Marv Casey reported that his superiors scoffed. "I couldn't get anyone to believe me," he said, "because they didn't want to believe me."
The people on the list were respected arson investigators. One of them, John Leonard Orr from the Glendale Fire Department, Casey knew rather well. Two years earlier he had taken a class from John Orr in Glendale in order to get his state certification. Prior to the training session, Casey had heard about John Orr and was excited to meet him. He had hoped to mix and network at the Holiday Inn in Burbank where they gathered after class. Casey had found a group of fellow students in that bar, but John Orr was schmoozing a blonde that evening. Marv Casey figured correctly that he wasn't going to get any networking with his instructor that night.

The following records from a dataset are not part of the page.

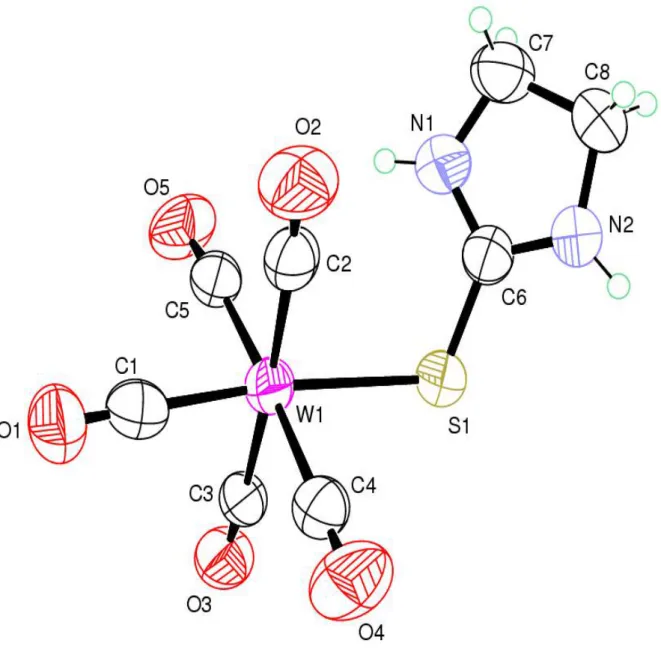 Figure 7: ORTEP du complexe  1 Imidazolidine-2-thione W(CO) 5 .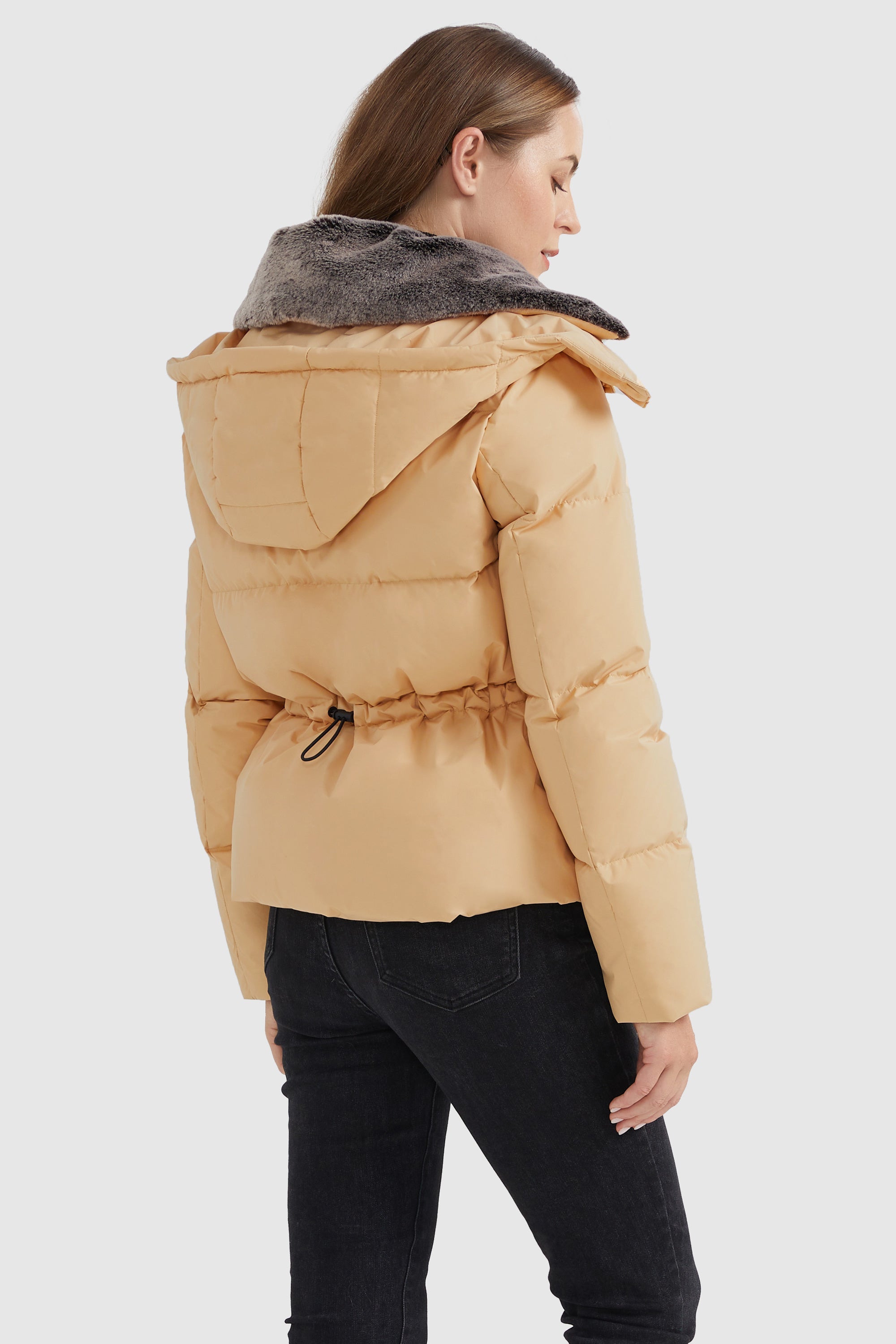 Orolay-Removable Faux Fur Collar Puffer Down Jacket-#color_Dawn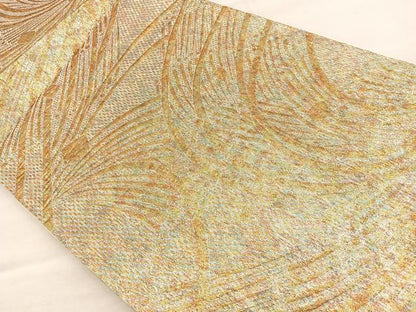 平和屋着物◎六通柄袋帯 ふくれ織 流水文 引箔 正絹 逸品 BAAT2097ph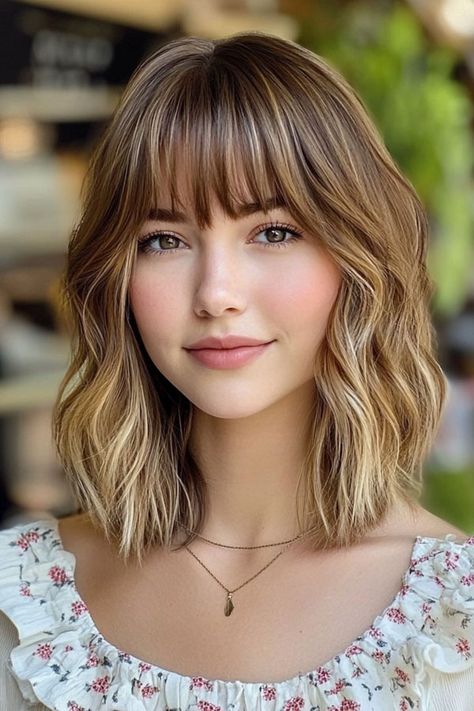 Soft Wavy Bob with Sun-Kissed Highlights, trendy long bob with fringe, long bob hairstyle with bangs Long Bob Haircuts With Bangs, Wavy Bob With Fringe, Bob With Feathered Bangs, Long Length Bob, Bob Hairstyles With Fringe, Long Bob With Fringe, Medium Length Hair Women, Long Bob Hairstyle, Hairstyles With Fringe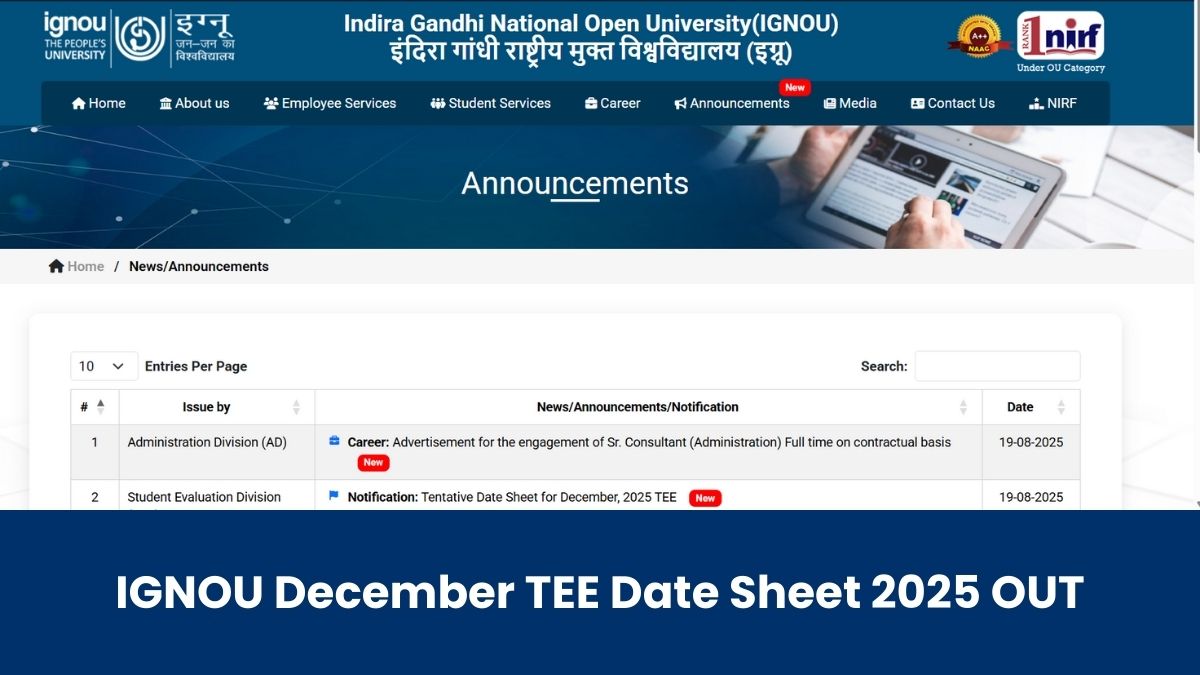 IGNOU December TEE Date Sheet 2025 OUT: इग्नू दिसंबर TEE परीक्षा डेटशीट ignou.ac.in पर जारी, यहां चेक करें पूरा शेड्यूल PDF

While Casey had never been able to stir up enthusiasm for his idea, at least the Bakersfield fire marshal had given him permission to indulge himself in his spare time. So he once again phoned ATF Special Agent Chuck Galyan in Fresno, who agreed to submit the photo negative of Casey's latent fingerprint, along with the ten names Casey had culled from the rosters of both conferences, to the Department of Justice Regional Criminalistics Laboratory in Fresno.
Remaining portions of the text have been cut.